More Than One Million Dollars Worth Of Illegal Ivory Discovered For Sale At Carlton Gallery In La Jolla, California; Charges Filed

Criminal charges have been filed against the Carlton Gallery in La Jolla, its owner Victor Hyman Cohen, and employee Sheldon Miles Kupersmith, for trafficking ivory in defiance of California law.

More than 300 pieces of ivory and items containing ivory, valued at more than $1.3 million dollars, were recently seized from the gallery and its warehouse.

According to San Diego City Attorney Mara W. Elliott, this is largest seizure of ivory products by the California Department of Fish and Wildlife since a state law banning their sale took effect in 2016.

“A law is just a law if it’s not enforced, and funded,” California Senate President Pro Tempore Toni G. Atkins of San Diego said in a statementwho authored the legislation banning the sale of nearly all ivory in the state. “In 2016, the Legislature and the Governor gave the Department of Fish and Wildlife the resources needed to investigate illegal ivory sales, and they have responded by rooting out criminals who profit from the brutal killing of elephants and other animals.”

The investigation into Carlton Gallery began in May 2017, when wildlife officers from the Department of Fish and Wildlife’s Trafficking Unit observed two art-deco sculptures that appeared to be ivory in the gallery’s Prospect Street display window. In December 2017 and March 2018, wildlife officers returned and observed additional items that appeared to contain ivory.

In a sting operation conducted on May 1st, undercover wildlife officers purchased an ivory sculpture from Kupersmith, who offered to sell the officers three other sculptures containing ivory. Wildlife officers obtained and executed a search warrant later that day and seized 146 items containing ivory from the gallery.

The investigators subsequently seized 192 additional pieces of ivory from a warehouse. Most of the items contained ivory from elephants, while some contained ivory from the teeth of hippopotamus.

“Ivory trafficking is an illegal and reprehensible business that encourages the senseless slaughter of elephants and other endangered species,” said City Attorney Elliott. “I hope this prosecution sends a strong message to anyone who sells or is thinking about selling ivory on the black market in San Diego: We will find you and prosecute you to the fullest extent of the law.”

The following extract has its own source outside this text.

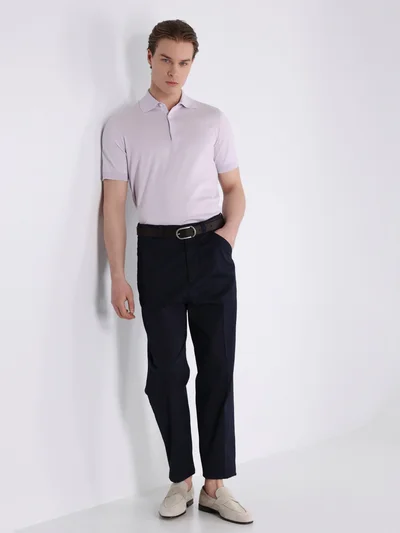 Брюки цвет хаки — превью 2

The 2016 ban, which can be found in California Fish and Game Code section 2202, encompasses the teeth and tusks of elephant, hippopotamus, mammoth, mastodon, walrus, warthog, whale and narwhal, as well as rhinoceros’ horn, regardless of whether it is raw, worked or powdered, or from a store or a private collection. Under the law, advertising the sale of any items containing ivory is also prohibited.

Two types of ivory products are exempted from the ban: musical instrument that are made of less than 20% ivory and were manufactured no later than 1975, and antiques that are made of less than 5% ivory and are more than 100 years old. Neither exception applies to the items seized from the Carlton Gallery.

As per KGTV, a first-time offense of the ban is a misdemeanor punishable by up to a year in jail and a fine of up to $40,000.

Kupersmith was charged with eight counts of the purchase and sale of ivory and rhinoceros’ horn, and eight counts of the unlawful importing, possession and sale of a specified species.

Cohen and the Carlton Gallery are charged with 11 counts of each.

HELP US PUT AN END TO THE IVORY & RHINO HORN TRADE! 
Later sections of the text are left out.